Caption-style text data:
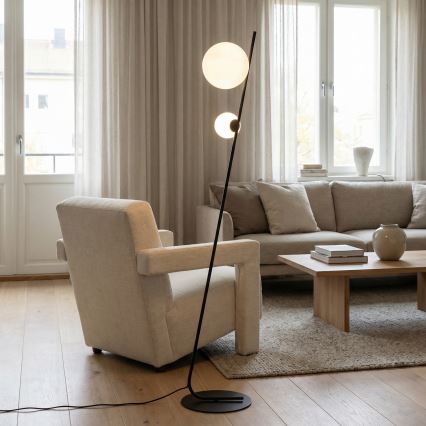 Stehleuchte TATU 2xG9/8W/230V schwarz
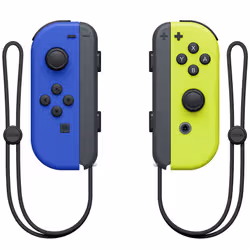 Nintendo Joy-Con Blu, Giallo Bluetooth Gamepad Digitale Nintendo Switch, Nintendo Switch OLED - Vista aggiuntiva 2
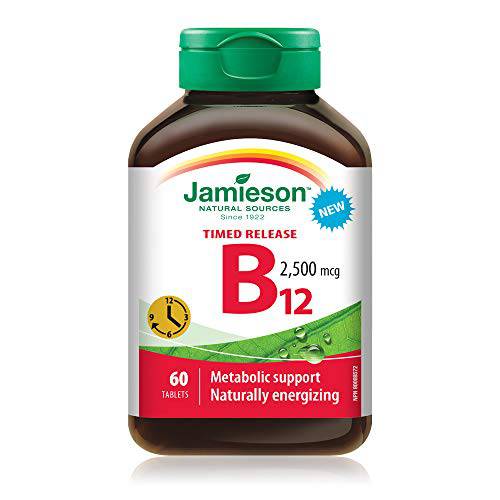 Jamieson Vitamin B12 2,500 mcg, 60 Tablets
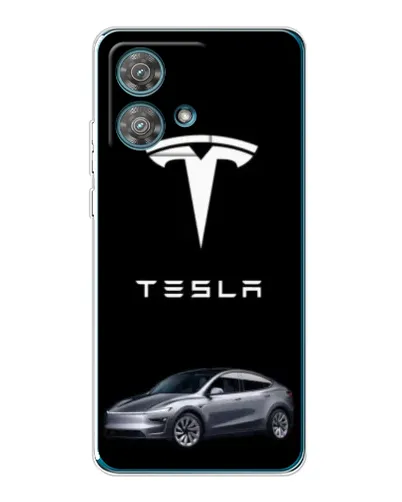 Чехол для Motorola Edge 40 Neo с картинкой «Tesla Model Y»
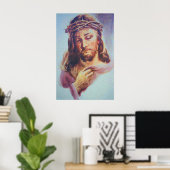 Jésus avec ses bras sur son affiche sur la poitrin (Bureau à domicile)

**Requirement**:
Pictures are to be left out, while the records are copied word for word.

**Task solution**:
 Stehleuchte TATU 2xG9/8W/230V schwarz
 Nintendo Joy-Con Blu, Giallo Bluetooth Gamepad Digitale Nintendo Switch, Nintendo Switch OLED - Vista aggiuntiva 2
 Jamieson Vitamin B12 2,500 mcg, 60 Tablets
 Чехол для Motorola Edge 40 Neo с картинкой «Tesla Model Y»
 Jésus avec ses bras sur son affiche sur la poitrin (Bureau à domicile)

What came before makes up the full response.